The pattern of recombination between chromosomes of related species is a key point to transfer genes between the species. The knowledge about the inheritance mode is essential information not only because it sheds light on homeologous chromosome pairing behavior but can also influence the breeding strategies that are used for cultivar development. In this study, homeologous recombination events have been located in some genomic regions that are common with the ones reported in the study of Leal-Bertioli et al. (2015). One can suppose that these regions are particularly sensitive to homeologous recombination especially when synthetic allotetraploid are used. The SSRs that are located in these specific regions, particularly those that marked the homeologous genome in both parents, have proven to be very efficient in revealing the homeologous recombination events. Thus, they can be used to detect and trace back those events in the synthetic allotetraploid parental lines before crossing, as well as in their related F₁ hybrids.

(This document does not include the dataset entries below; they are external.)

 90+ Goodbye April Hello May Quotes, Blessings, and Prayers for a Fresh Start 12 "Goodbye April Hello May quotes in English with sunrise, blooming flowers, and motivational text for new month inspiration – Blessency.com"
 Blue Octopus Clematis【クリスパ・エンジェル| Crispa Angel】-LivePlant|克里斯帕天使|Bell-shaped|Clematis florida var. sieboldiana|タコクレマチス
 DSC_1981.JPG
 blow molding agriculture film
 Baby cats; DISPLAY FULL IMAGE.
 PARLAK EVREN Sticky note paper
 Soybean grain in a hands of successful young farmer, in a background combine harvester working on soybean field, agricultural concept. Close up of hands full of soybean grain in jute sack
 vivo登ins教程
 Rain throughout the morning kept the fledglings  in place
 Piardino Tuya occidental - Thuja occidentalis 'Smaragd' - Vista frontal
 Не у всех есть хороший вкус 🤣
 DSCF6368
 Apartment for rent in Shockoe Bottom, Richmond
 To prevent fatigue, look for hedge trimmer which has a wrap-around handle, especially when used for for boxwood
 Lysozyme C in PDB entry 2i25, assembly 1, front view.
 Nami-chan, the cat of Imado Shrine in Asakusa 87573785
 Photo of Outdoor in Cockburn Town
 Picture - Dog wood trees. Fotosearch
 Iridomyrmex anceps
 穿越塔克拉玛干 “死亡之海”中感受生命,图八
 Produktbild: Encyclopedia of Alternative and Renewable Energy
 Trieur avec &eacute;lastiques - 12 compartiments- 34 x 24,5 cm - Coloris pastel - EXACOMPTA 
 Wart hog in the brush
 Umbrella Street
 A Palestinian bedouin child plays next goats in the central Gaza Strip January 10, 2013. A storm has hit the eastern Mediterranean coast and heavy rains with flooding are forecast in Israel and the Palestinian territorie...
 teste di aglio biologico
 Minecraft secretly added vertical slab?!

Mixed inheritance may have unwanted impacts on aberrant meiotic behavior, karyotype destabilization, and fertility reduction. However, it could also speed up the accumulation of rare but favorable alleles through homeologous recombination and marker-assisted introgression. The interspecific breeding population developed in this study would be an ideal genetic material to study the genetic effects of cumulative homologous and homeologous alleles and to transfer valuable alleles from wild species into cultigens. Despite conflicting results around the A. batizocoi taxon and its potential usefulness (Leal-Bertioli et al., 2014), its utilization for peanut breeding has been successful reported (Burow et al., 2014; Sukruth et al., 2015). Although erratic fertility was observed in some lines, the advanced backcross population developed from the same cross has a high phenotypic variation for many important agronomic traits, such as plant architecture, yield related traits, drought tolerance and resistance to leaf spot (Nguepjop et al., in preparation). We believe that the genetic variation among AB-QTL lines is increased when homeologous chromosomes pair. The mosaic compositions of the genome and the homeologous chromosome substitutions may speed up novel genetic combinations, opening new horizons for peanut breeding.